Pros of property investment

  • Less volatility – Property can be less volatile than shares or other investments.
  • Income – You earn (steady income stream) if the property is tenanted.
  • Capital growth – If your property increases in value, you will benefit from a capital gain when you sell.

Cons of property investment

  • Cost – Rental income may not cover your mortgage payments and other expenses.
  • Vacancy – There may be times when you have to cover the costs yourself if you don’t have a tenant.
  • Loss of value – If the property value goes down you could end up owing more than the property is worth.

2. Steel (Gold/Silver) investment in Malaysia

Buying gold as a physical asset and owning it yourself is an old school approach of all time. If you decide to buy physical gold, you can consider gold bars or gold coins.  Gold bars are bigger and hence more expensive, but they are an efficient way to invest substantially. Gold coins are smaller and less valuable so that if you need to liquidate some of your investments, they can be more convenient.

Pros of Steel (Gold/Silver) investment:

  • Historically holds value. Probably won’t go down to zero
  • Physical gold is quite fun because you can wear gold jewellery and start coin collections
  • You can also temporarily pawn physical gold to use as emergency money, and buy it back when you can

Cons of Steel (Gold/Silver) investment:

  • Physical gold can be stolen
  • And if it gets stolen, you might get hurt or your house might get broken into. Buy insurance.
  • Bulky and requires storage space.

Tips: The price is subject to change. To even things out, buy a bit every month. Keep in mind that when stock markets are performing poorly, gold prices tend to rise. As a result, making gold your sole investment is usually not a good choice.

3. Cryptocurrency investment in Malaysia

Good news! This year, the Securities Commission (SC) has approved Bitcoin Cash (BCH) as a digital asset in Malaysia. Therefore, you can buy and sell BCH on authorised cryptocurrency platforms.

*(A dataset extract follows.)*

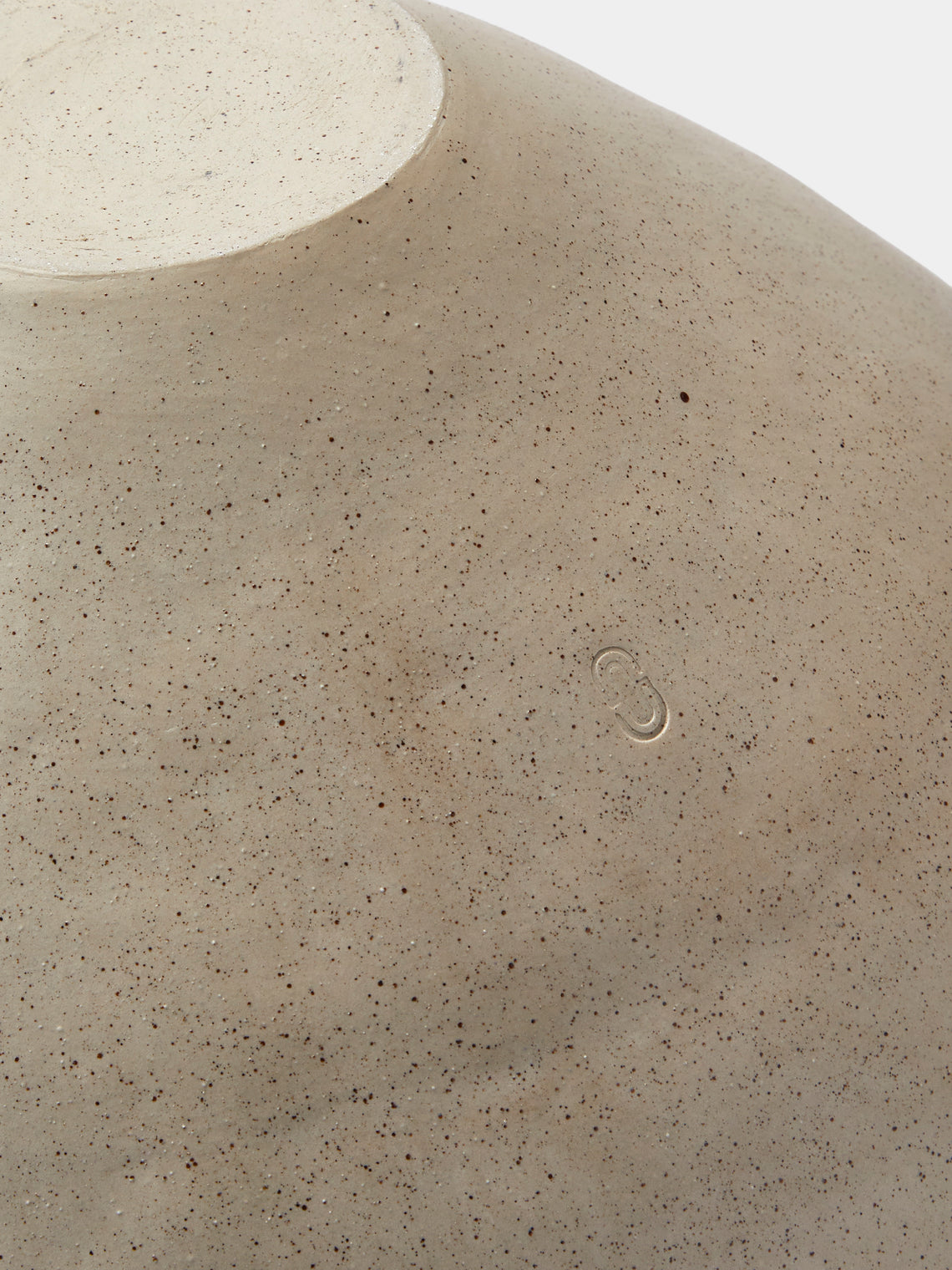 Sara Bergami - Hand-Formed Stoneware and Pyrite Vase - White - ABASK
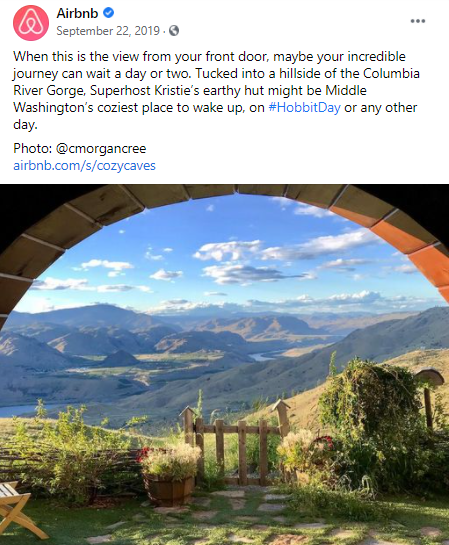 Текст, размещенный над фотографией каньона реки Колумбия (Columbia River Gorge), утверждает: «Когда из вашей входной двери открывается такой вид, ваше невероятное путешествие может подождать день или два».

It also brings the total authorised crypto tokens to 5 which include Bitcoin (BTC), Ethereum (ETH), Ripple (XRP) and Litecoin (LTC).

However, please be reminded that this type of investment is the riskiest of all. You may lose 100% overnight or quadruple your money in a week. In other words, higher risks = higher returns/losses.

Pros of cryptocurrency investment:

  • High potential returns.
  • Increasing bitcoin adoption and first mover advantage versus other crypto-currencies.
  • Transfers are made quickly over the world without the need for third-party authorisation.

Cons of cryptocurrency investment:

  • Very high volatility and potential overall loss risk.
  • Disagreements within the Bitcoin community about the future of the currency.
  • Losses can occur through bitcoin theft or if your password is lost.

4. Stock trading investment in Malaysia

Anyone who invests in stocks only needs basic investment knowledge such as “buy low and sell high.” It is similar to cryptocurrency in that it is risky and offers higher returns.

To be clear, trading is not comparable to gambling and going broke quickly. To get a clear picture of the company’s business model, competitive advantage, revenue trend, and net income growth year over year, you have to spend time analysing each one of these elements. Above all, select a market in which you are interested and can afford to invest.

Pros of stock trading:

  • Exciting for readers and researchers. There are a lot of seminars to choose from, and you may learn about the fundamentals, technicals, or both.
  • As a shareholder, you’ll be invited to AGMs and will be given lovely door gifts.
  • The stock market allows you to sell your stock at any time as long as the market is still open. Economists use the term “liquid” to mean you can turn your shares into cash quickly and with low transaction costs.

Cons of stock trading:

  • You could lose your entire investment. If a company does poorly, investors will sell, sending the stock price plummeting.
  • If buying stocks on your own, you must research each company to determine how profitable you think it will be before you buy its stock. You must learn how to read financial statements and annual reports and follow your company’s developments in the news.
  • Stock prices rise and fall. Individuals tend to buy high, out of greed, and sell low, out of fear. The best thing to do is not constantly look at the price fluctuations of stocks and check in on a regular basis.

5. Versa! (Money Market Fund Investment)

Back in the day, the Money Market Fund (MMF) was commonly used by businesses and high-net-worth individuals to accumulate extra money, without requiring the funds to be held in a safe deposit box. MMFs typically have high minimum investment amounts that may exceed RM10,000.

Thanks to the rise of technology, Versa has set out to build a digital cash management platform for all Malaysians that would provide better access to MMFs to obtain higher yields and liquidity, easy convenience at your fingertips!

Pros of money market fund:

  • Potentially higher than FD rates; daily interest earned up to 2.46% p.a.*
  • No lock-in periods. Whenever you need the money you can withdraw.
  • Low Risk & Entry Fee.

Cons of money market fund:

  • Not protected by PIDM (unlike FD).
  • Returns may vary with changes in market and economic conditions.
  • Non Shariah Compliant.

*Annual fund return rate as of 31 December 2020.